Depardieu, la leyenda
Cuenta la leyenda que un domingo Gérard Depardieu quería comer langosta, por lo que bajó a la pescadería de su barrio parisino y, como no la había, compró la pescadería.
De lo que se desprende que Depardieu es un emprendedor.
Cuenta otra leyenda que un día Depardieu volvía de Dublín (o iba, sobre ese punto las leyendas divergen) en un avión de línea. El avión estaba a punto de decolar y Gégé (así lo llamamos sus seguidores) quiso ir al baño. Como la azafata lo conminó a volver a sentarse, Depardieu extrajo el petit Obelix y meó sobre la moqueta. Sus amigos refutan esta versión y observan que Gégé tuvo la precaución de mear en una botella.
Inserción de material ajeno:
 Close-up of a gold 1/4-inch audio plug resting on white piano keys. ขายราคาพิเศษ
Que la botella rebalsase prueba tanto sus ganas de ir al baño como el hecho de que la estrella esa día no llevaba pañales.
Cuenta otra leyenda que cuando Depardieu se pasea por París en scooter lo hace en profundo estado de sobriedad y nunca golpea a los conductores con los que interactúa.
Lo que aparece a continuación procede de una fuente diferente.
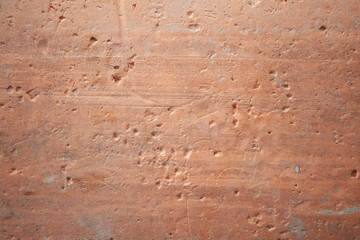 Formwork traces on concrete. Repair and construction or constructing. Concrete background. Grey color. Cement texture. Poor quality curve wall. Flaws, defects and cracks in the wall. .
Circulan otras leyendas sobre la vida de Depardieu intramuros, sobre su vida familiar, o sea, pero son todas mentiras peludas. Mejores son las leyendas venidas de Oriente, como ésa que dice que Gérard es copain-copain con el dictador checheno y con el dictador uzbeko. Con la hija de éste último, sin ir más lejos, Depardieu pergeñó esta obra capital del arte recitativo (Atención al síndrome de Stendhal).
En fin, la última leyenda, de hoy mismo, dice que si Depardieu vende su casa de París y se ha comprado otra en el pueblo belga de Néchin, que si amenaza con devolver el pasaporte francés y comprar a cambio un carnet de identidad belga (hoy han subido justamente de precio, de 15 a 18 euros, en la vivienda del pobre la casa siempre es enorme), no es por la pela sino por el amor casi físico que Depardieu siente por Sarkozy y la correspondiente repugnancia, física y metafísica, que experimenta por Hollande.
Por mi parte, sigo creyendo que se hace belga por puro afán de protagonismo. Para salir en los chistes.